Spring soil temperatures are often cooler under direct seeding than conventional tillage. However, research shows this does not usually affect crop yields if good direct seeding practices are followed.

Factors Affecting Spring Soil Temperatures

Research studies comparing seedbed soil temperatures in direct seeding and conventional tillage systems show a slight advantage to tillage during the spring warming period (Figure 1). Conventionally tilled soils in the Black soil zone average about 1C warmer at the 5 cm depth, but can be as much as 3C warmer for a brief periods during some springs. The advantage usually lasts until mid or late June, when the crop canopy has fully established.


Figure 1. Average daily spring soil temperature at 5 cm depth, 1995 to 1998, at Fort Saskatchewan

Figure 1. Average daily spring soil temperature at 5 cm depth, 1995 to 1998, at Fort Saskatchewan

The cooler soils under direct seeding are mainly due to the crop residue layer on the soil surface. Data from the Alberta Reduced Tillage Initiative Demonstration Farm at Red Deer show that thicker residue layers result in cooler soils during the spring. Crop residue reflects sunlight and insulates the soil from the air. Thicker layers provide better insulation. While this protects direct seeded soils from extreme seasonal temperature changes, it also slows spring warming.

During daytime heating, direct seeded soils tend to not warm as much as conventionally tilled soils, but daily minimum temperatures are similar. This suggests that much of the additional heat gained each day in tilled soils is lost at night. Some evidence suggests that this heat loss may warm the seedlings, making overnight cooling and frost risk less severe in tilled soils than in direct seeded soils.

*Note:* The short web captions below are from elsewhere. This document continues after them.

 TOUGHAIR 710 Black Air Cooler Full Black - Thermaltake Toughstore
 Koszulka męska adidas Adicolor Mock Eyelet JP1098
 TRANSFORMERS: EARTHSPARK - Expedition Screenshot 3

Moist soils warm more slowly than dry soils, and direct seeded soils are usually moister than conventionally tilled soils, especially at the surface. The increased moisture is a result of the residue layer that reduces evaporation from the soil. As well, the standing stubble contributes to higher soil moisture by trapping snow and reducing wind speed for reduced evaporation.

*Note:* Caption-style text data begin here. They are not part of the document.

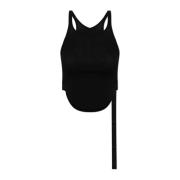 Rick Owens Crop Top Black, Dam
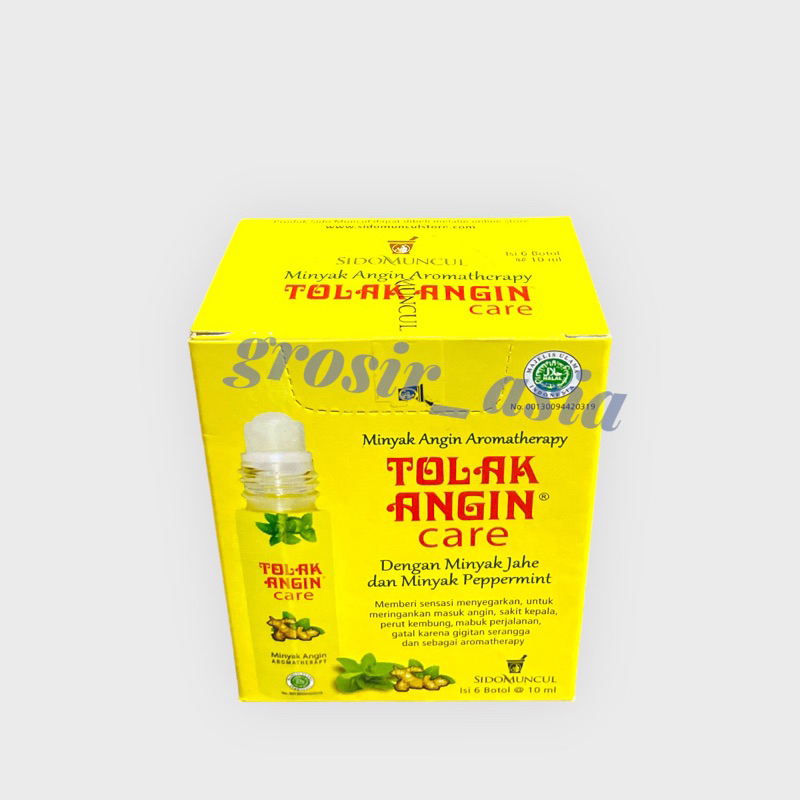 Tolak Angin Care 1 Box Isi 6 Pcs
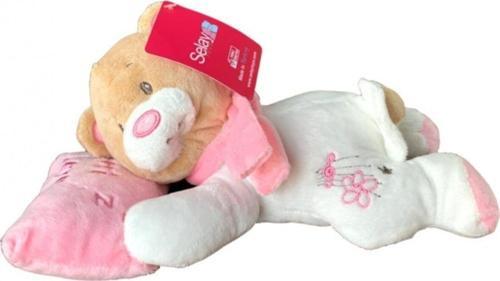 Peluş Çocuk Peluş Yatan Ayıcık 25 Cm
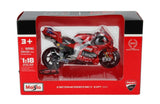 Model Maisto Ducati MotoGP GP25 v měřítku 1:18 – Marc Marquez #93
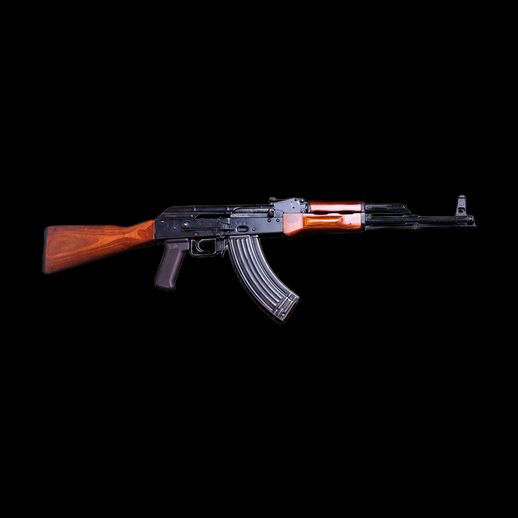 Fusil d'assaut AK47 3D gratuit réaliste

In the spring, the soil is warmest near the surface, which is very important for direct seeding. Table 1 shows that much of the heat advantage tillage has when seeding at 5 cm depth can be offset by seeding shallower when direct seeding. The higher near-surface soil moisture levels under direct seeding are critical for making shallow seeding viable. Further research is needed to determine optimum levels of residue for direct seeded soils.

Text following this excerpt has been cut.